▶ **Task directions**: For this exercise, return only the lines in the records below from the one holding "Coral Fleece Bath Towels Pack Of 3 Gray" through the one holding "Married and Merry", including both, exactly as they appear and without pictures.

▶ **The data**:

* * *

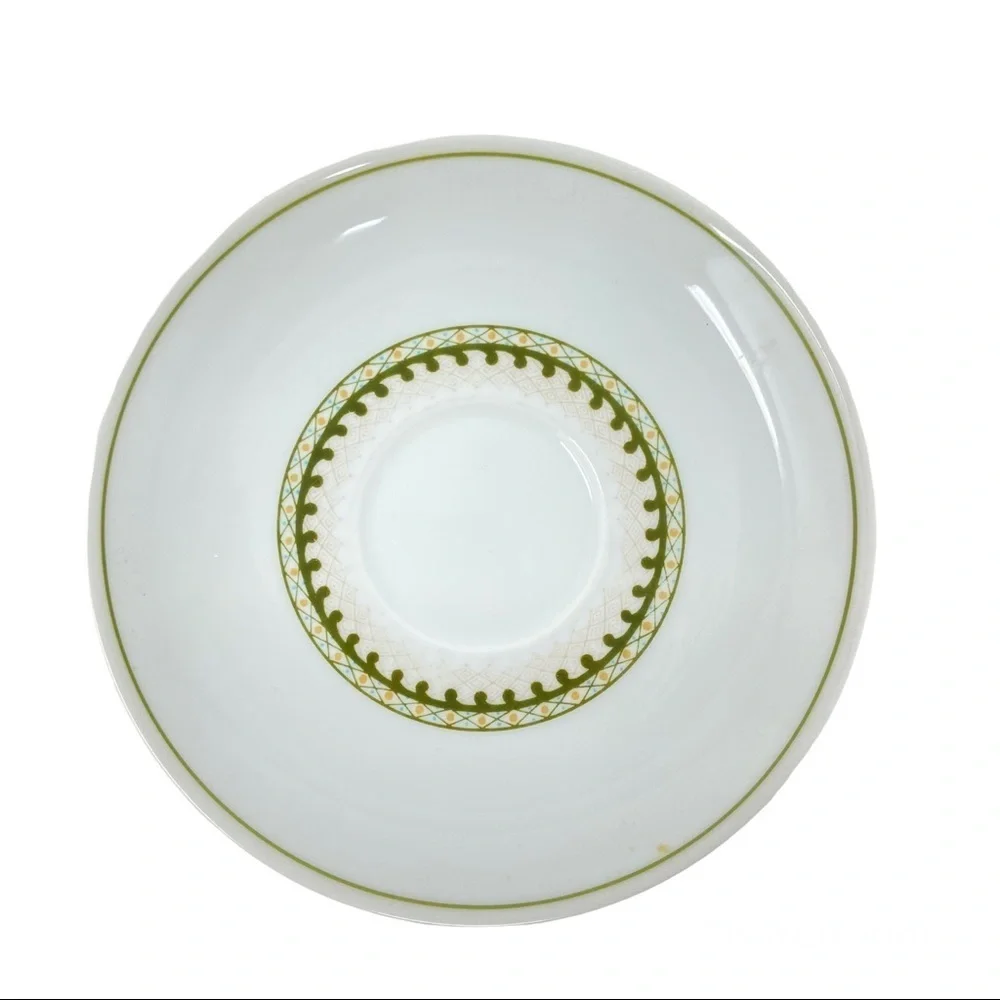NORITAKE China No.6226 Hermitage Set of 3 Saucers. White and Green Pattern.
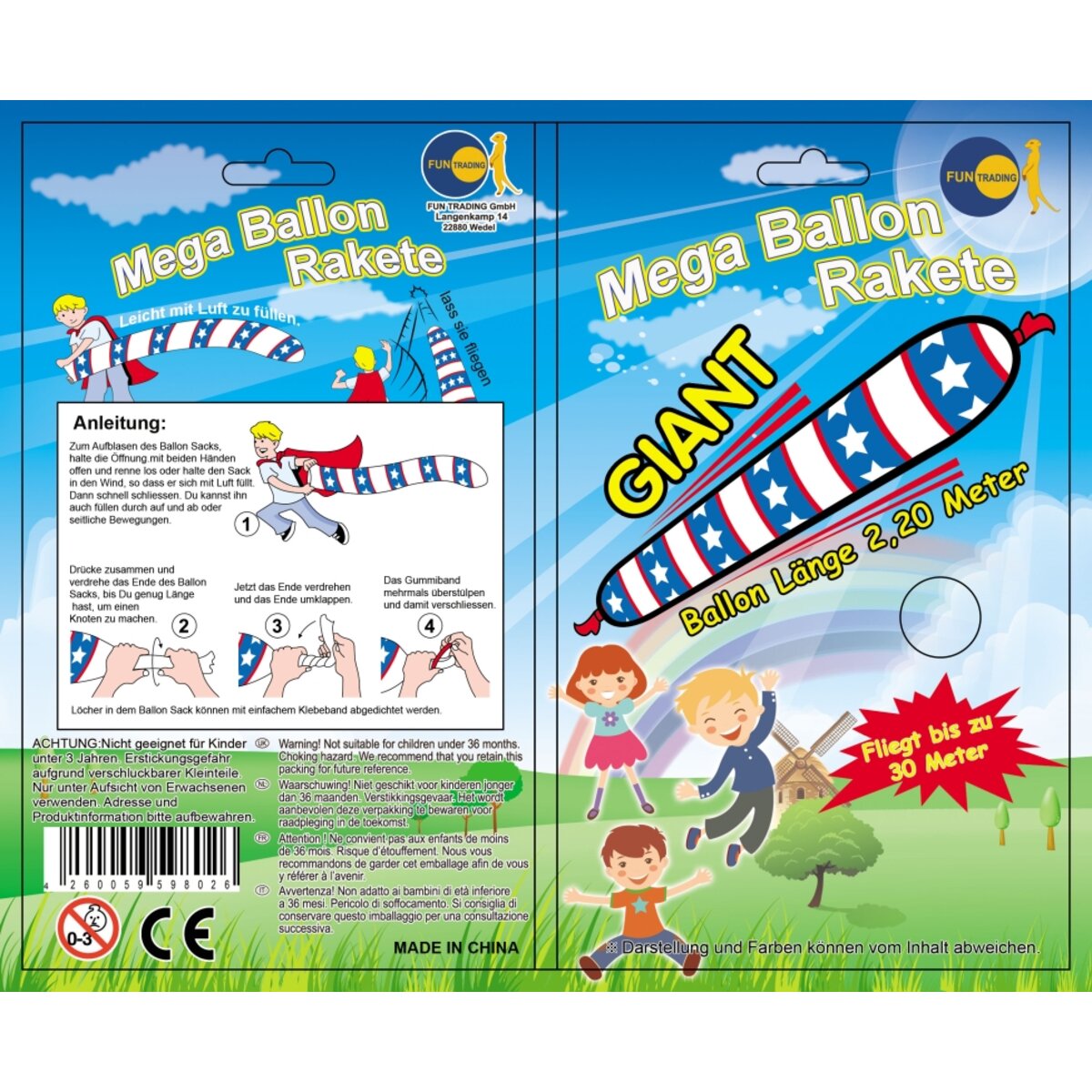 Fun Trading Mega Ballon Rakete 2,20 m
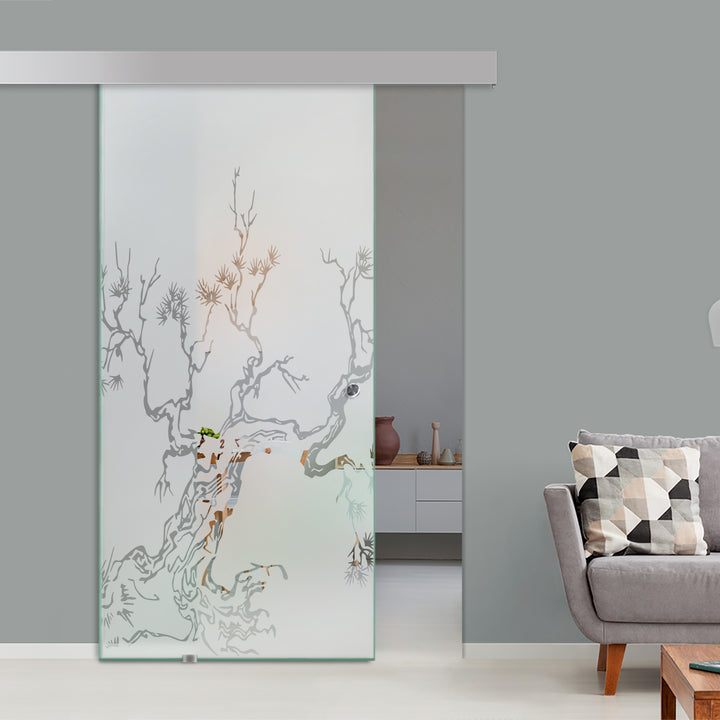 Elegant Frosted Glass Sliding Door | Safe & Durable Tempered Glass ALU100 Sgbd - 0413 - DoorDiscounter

* * *

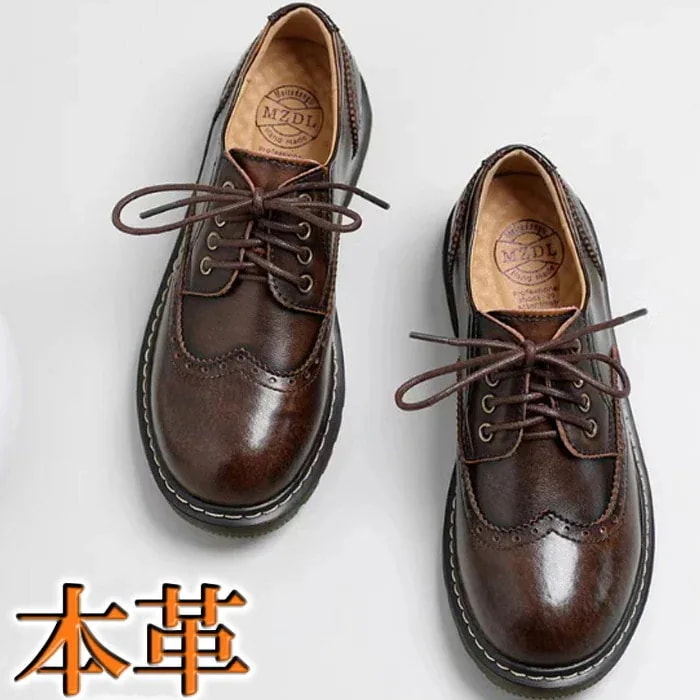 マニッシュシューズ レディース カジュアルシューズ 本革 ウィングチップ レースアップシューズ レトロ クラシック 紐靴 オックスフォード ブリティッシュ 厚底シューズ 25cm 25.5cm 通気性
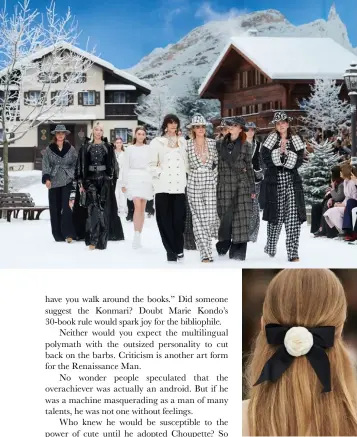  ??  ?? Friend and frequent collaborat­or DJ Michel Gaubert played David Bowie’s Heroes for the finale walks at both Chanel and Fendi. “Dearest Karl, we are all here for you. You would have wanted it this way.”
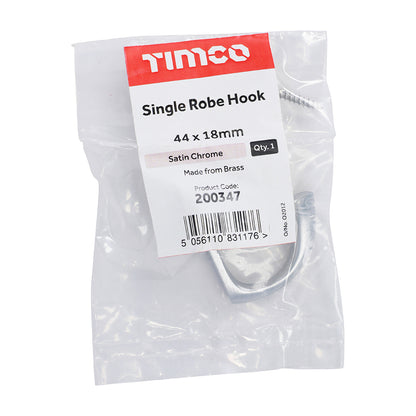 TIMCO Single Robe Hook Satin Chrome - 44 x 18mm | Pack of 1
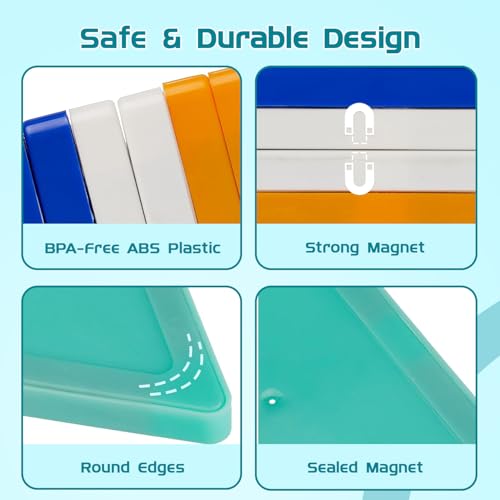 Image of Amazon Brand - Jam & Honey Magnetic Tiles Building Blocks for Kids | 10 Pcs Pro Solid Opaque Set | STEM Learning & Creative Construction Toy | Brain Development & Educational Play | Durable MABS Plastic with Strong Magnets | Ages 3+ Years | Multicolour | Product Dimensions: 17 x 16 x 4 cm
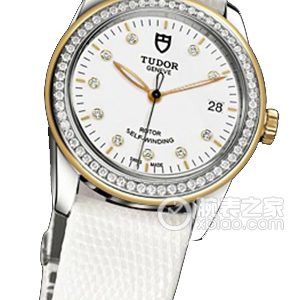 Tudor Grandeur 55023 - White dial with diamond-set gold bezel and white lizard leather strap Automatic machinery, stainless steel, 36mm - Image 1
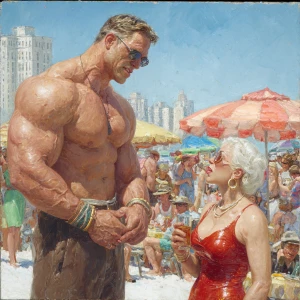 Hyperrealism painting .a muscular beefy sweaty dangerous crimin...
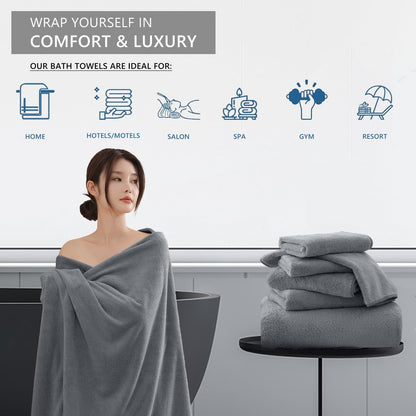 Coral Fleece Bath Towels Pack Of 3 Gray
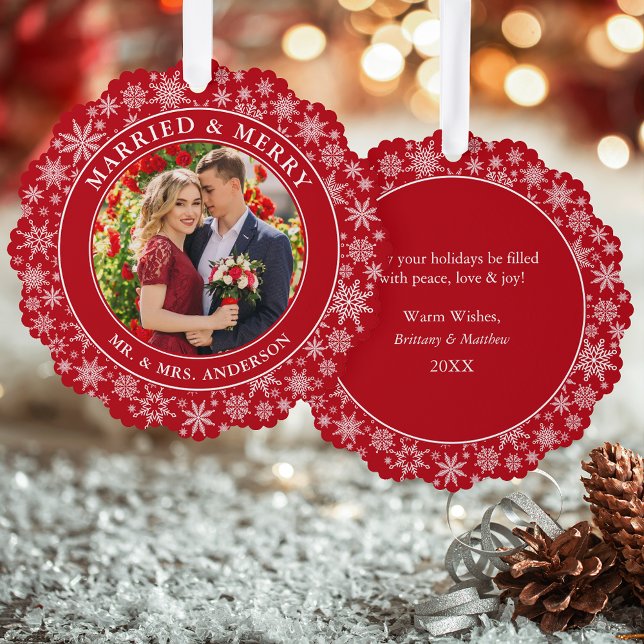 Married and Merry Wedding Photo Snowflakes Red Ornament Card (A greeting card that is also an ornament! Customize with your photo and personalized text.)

* * *

▶ **Exercise response**:
 Coral Fleece Bath Towels Pack Of 3 Gray
 Married and Merry Wedding Photo Snowflakes Red Ornament Card (A greeting card that is also an ornament! Customize with your photo and personalized text.)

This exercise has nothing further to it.